The performance is compared with the final displacement error (FDE) (see for example [22]) of the lateral motion (from the vehicle perspective) for three different time horizons, in particular 8 steps (0.5 s), 12 steps (0.75 s) and 16 steps (1 s). These results show that the presented RNN-IMM is able to faster capture the change in dynamic for the synthetically generated data. In terms of the single motion models (CV vs. CA), one can observe the benefits for the CA in capturing the deceleration. The IMM filter combines both and shows an improvement. Hence, the aim of this paper is more on highlighting the relation between traditional multiple model approaches and the suggested RNN-based IMM filter surrogate, it should be mentioned that RNN-based approaches are designed to receive input data for every time step, whereas Bayesian filters are well suited for handling missing observations. Especially with such a short initialization time, this can be crucial. One argument towards a learning based RNN-IMM is that we only choose the maneuver definition based on deviation of standard straight walking. The engineering task of finding the best model set up for IMM filters and their extensions can lead to an improved behavior (see for example Keller et al. [18]) in specific maneuver situations, but is also very tedious to find a good setting. It should also be mentioned that recent work like the approaches of Kooij et al. [20] show options how to further improve the prediction performance by including scene context and using more cues than pedestrian point kinematics (e.g. head orientation, gaze, body tilt, articulated body information).

Table 1. Results for the comparison between the proposed RNN-IMM and an IMM filter with two motion models (CV, CA), a Kalman filter with a single CV model, a Kalman filter with a single CA model, and using linear interpolation on the simulated maneuver situations. The prediction is done for 8, 12, and 16 time steps conditioned on 8 observations for a frame rate of 16 fps.

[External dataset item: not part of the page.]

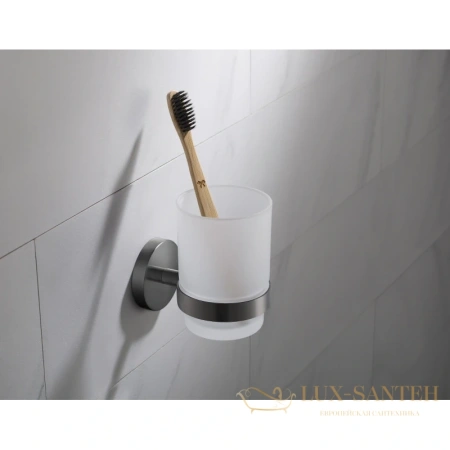 стакан timo saona 13031/18, черное золото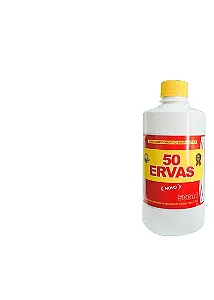50 Ervas  Composto Natural Fonte Verde | 500ml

In summary, the presented RNN-IMM is able to also provide a confidence value \(P(m_{i}|\mathcal {Z}) \overset{\wedge }{=} \alpha _{i}\) for the performed dynamic, but avoids modeling the dynamic transitions with a fixed transition probability matrix \(P(m^{t}_{i}|m^{t-1}_{j})\). Similar to the provided mode probabilities of IMM filters, this can be used for further processing steps or rather applications (see for example [8, 25]). Further, instead of choosing the basic filter set, the prediction model is learned. In case there exists some well known model for describing the standard dynamic of the desired target, only deviations from the known dynamic can be used to define additional maneuver classes. This study on synthetically generated data shows, that by exploiting the connections between different views on maneuver prediction some perspectives on overcoming respective limitations can be gained.

4 Conclusion

In this paper, an RNN-encoder-decoder model, which can be interpreted as an IMM filter surrogate, has been presented. The RNN-IMM is able to jointly predict specific motion probabilities and corresponding distributions of future pedestrian trajectory. The model capabilities were shown on synthetic data that were reflecting typical pedestrian maneuvers. By conditioning on specific dynamic models or rather deviation from standard behavior, the model makes it possible to generate additional information in terms of an assigned maneuver probability similar to an IMM filter, but reduces the amount of explicit modeling of filter parameters (e.g. the dynamic transitions matrix). Thus, the presented RNN-IMM helps to reduce the amount of hard-coded engineering of traditional multiple model filter such as the IMM filter.